Friday, September 29, 2006

Tory in Bus is The Last Man

Here you can read about the gosh-golly, spiffing wheeze of Nick Boles, a potential candidate for Mayor of London. He's taking a London bus to the Tory conference! Don't you just love that zany, madcap Tory humour? Well, of course, no. People my age or younger go into politics for all the wrong reasons - for the 'important" discussions and the jolly japes. Now that New Labour has turned the electorate into a mass of mewling toddlers, the important discussions are a thing of the past and it is the japes that everybody wants. The japsters are Nietzsche's last men, they have invented happiness and they blink. The Tories are going along with this. The party is full of wet-lipped, swivel-eyed, deeply unfunny gagsters, all with curiously deformed hind-quarters - why is that? There is, however, hope. I was at college with Charles Clarke, the former Home Secretary. We loathed each other then, but have now made it up. In fact, we like each other. At Cambridge, he was a wet-lipped, bearded student politico talking the usual nonsense. In his last days at the Home Office and since then, he has started making sense. The stupid brutality of his sacking must have shocked him out of bad politics. I find myself admiring him. Perhaps the condescending pranksters need a few good sackings to make them see sense. I'd quite like to do it myself.

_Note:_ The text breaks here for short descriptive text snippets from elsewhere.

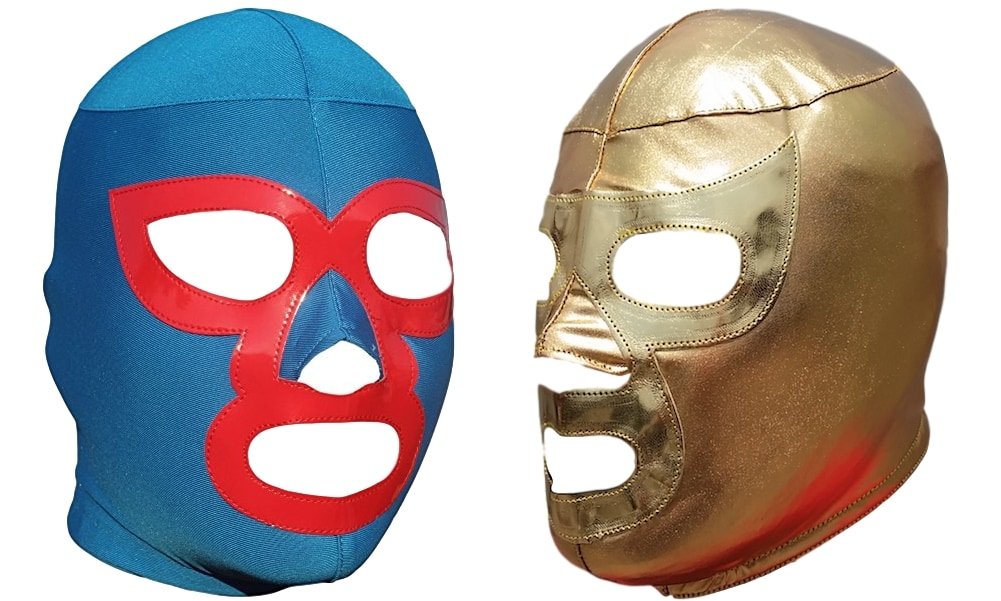 Luchador Mask Adult Size Lucha Libre Adult Mexican Wrestling Costume Pro-Fit Lycra Mask (Choose Design)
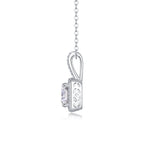 Square Halo Crystal Pendant Necklace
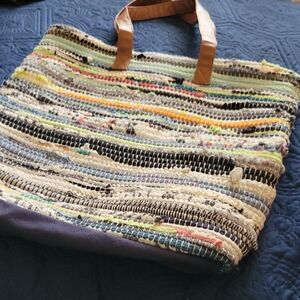 Multicolor Woven Tote Bag with Tan Handles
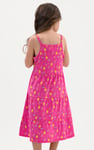 Girls Printed Tiered Strappy Jersey Dress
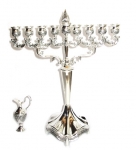 Large Silver Plated Menorah Hanukia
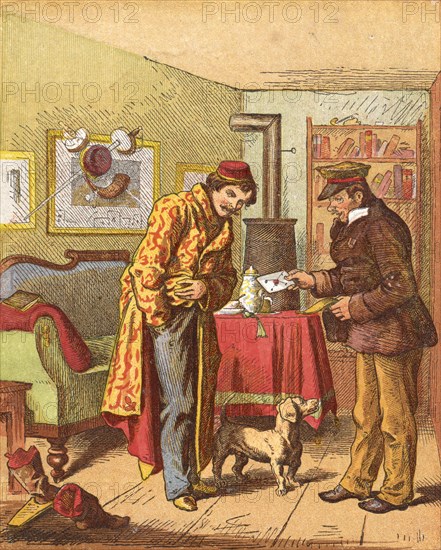 Paying for letter delivery, c1870 Artist: Oskar Pletsch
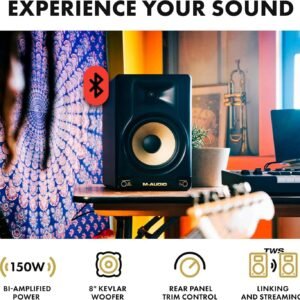 M-Audio Forty Eighty 8" 150W Studio Monitor Speaker for Production and Mixing with Precision DSP Crossover, EQ, Control App and Bluetooth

  1. Yes funny that about the deformed hindquarters - seems to apply to all politicians of all parties. David Owen was notorious for his reluctance to remove his double-vented jacket on any occasion, even a larky photo-opp kickaround. What horrors lurked between those vents one can only imagine... You seldom see a politician in anything but a double-venter - there must be a reason. I sense there is something we're not being told.
    The shining exception to this rule - the sole political animal with perfectly formed hind quarters - is of course our own much-tried (in and out of court) Jeff .
    N (pro bono publico)

  2. There is a rumour that Owen has three buttocks. But doesn't Jeff have some funny spots or something on his back?

  3. I'd have reckoned on four myself. As for Jeff, his back was declared spotless and without blemish by the fragrant Mary - shame on you for revisiting that sordid incident.
    Charles Clarke's hindqaurters, I seem to recall, were the talk of King's, weren't they? Since then he's retreated into the double-venter like the rest of them.